*Aim of the exercise*: For this exercise, retype the lines from the one that holds "Spring Management Powerpoint" through the one that holds "Kumluca'ya ikinci bal ormanı" in the records below, both included, exactly and without pictures.

*** Exercise input Section Begins ***

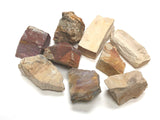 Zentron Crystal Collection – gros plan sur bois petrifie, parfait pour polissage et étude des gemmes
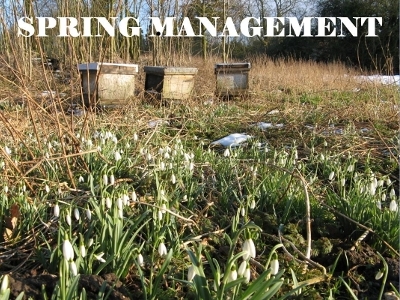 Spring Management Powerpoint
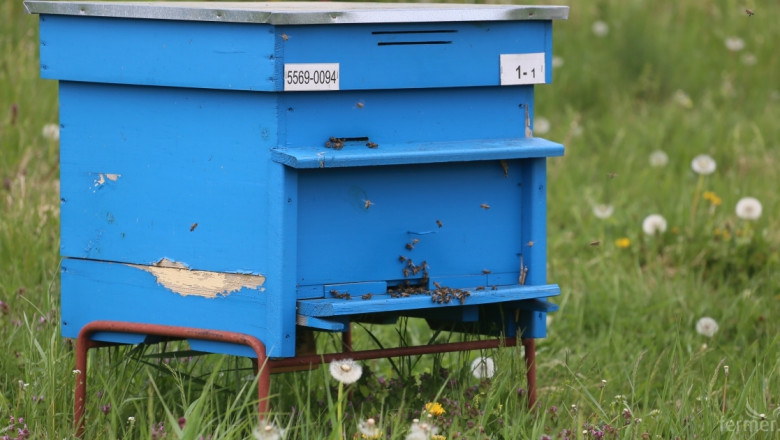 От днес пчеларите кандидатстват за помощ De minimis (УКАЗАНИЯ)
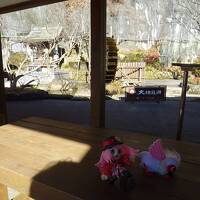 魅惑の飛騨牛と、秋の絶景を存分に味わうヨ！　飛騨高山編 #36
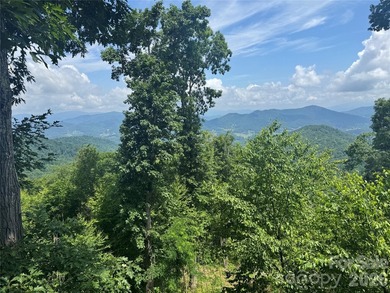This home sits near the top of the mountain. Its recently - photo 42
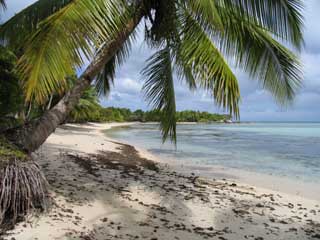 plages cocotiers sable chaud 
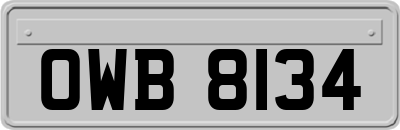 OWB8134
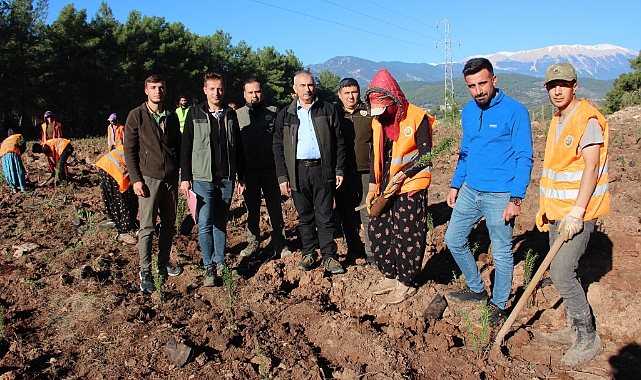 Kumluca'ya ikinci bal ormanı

*** Exercise input Section Ends ***
*** Exercise input Section Begins ***

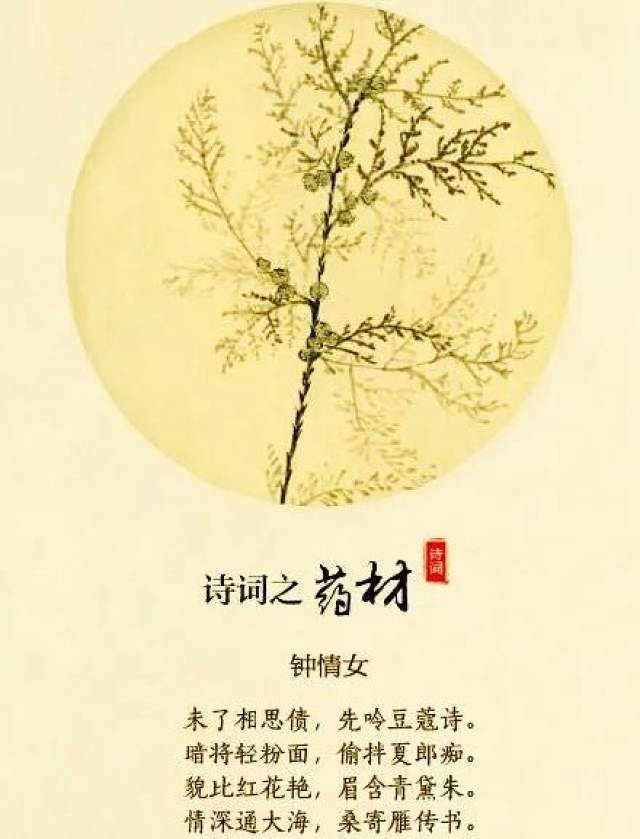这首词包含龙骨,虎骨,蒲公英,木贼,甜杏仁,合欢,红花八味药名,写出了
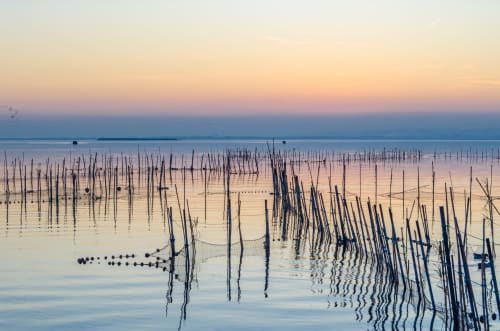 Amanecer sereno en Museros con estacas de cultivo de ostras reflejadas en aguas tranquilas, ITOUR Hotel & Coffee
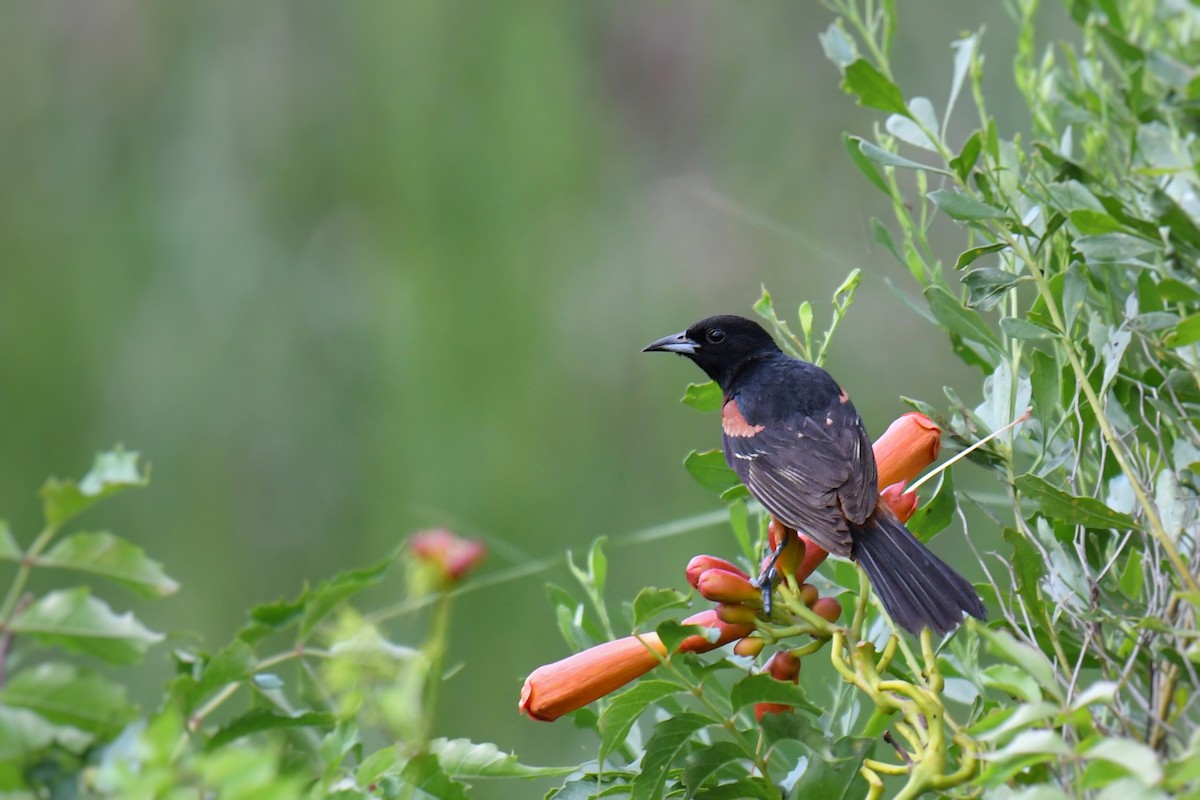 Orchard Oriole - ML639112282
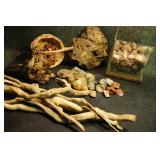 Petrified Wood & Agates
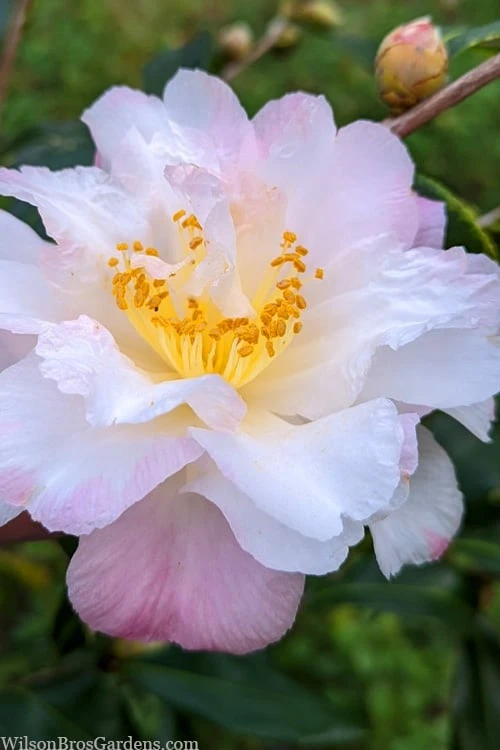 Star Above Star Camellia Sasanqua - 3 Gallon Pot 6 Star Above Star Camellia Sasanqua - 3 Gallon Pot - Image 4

*** Exercise input Section Ends ***

*Your solution*:
 Spring Management Powerpoint
 От днес пчеларите кандидатстват за помощ De minimis (УКАЗАНИЯ)
 魅惑の飛騨牛と、秋の絶景を存分に味わうヨ！　飛騨高山編 #36
This home sits near the top of the mountain. Its recently - photo 42
 plages cocotiers sable chaud 
 OWB8134
 Kumluca'ya ikinci bal ormanı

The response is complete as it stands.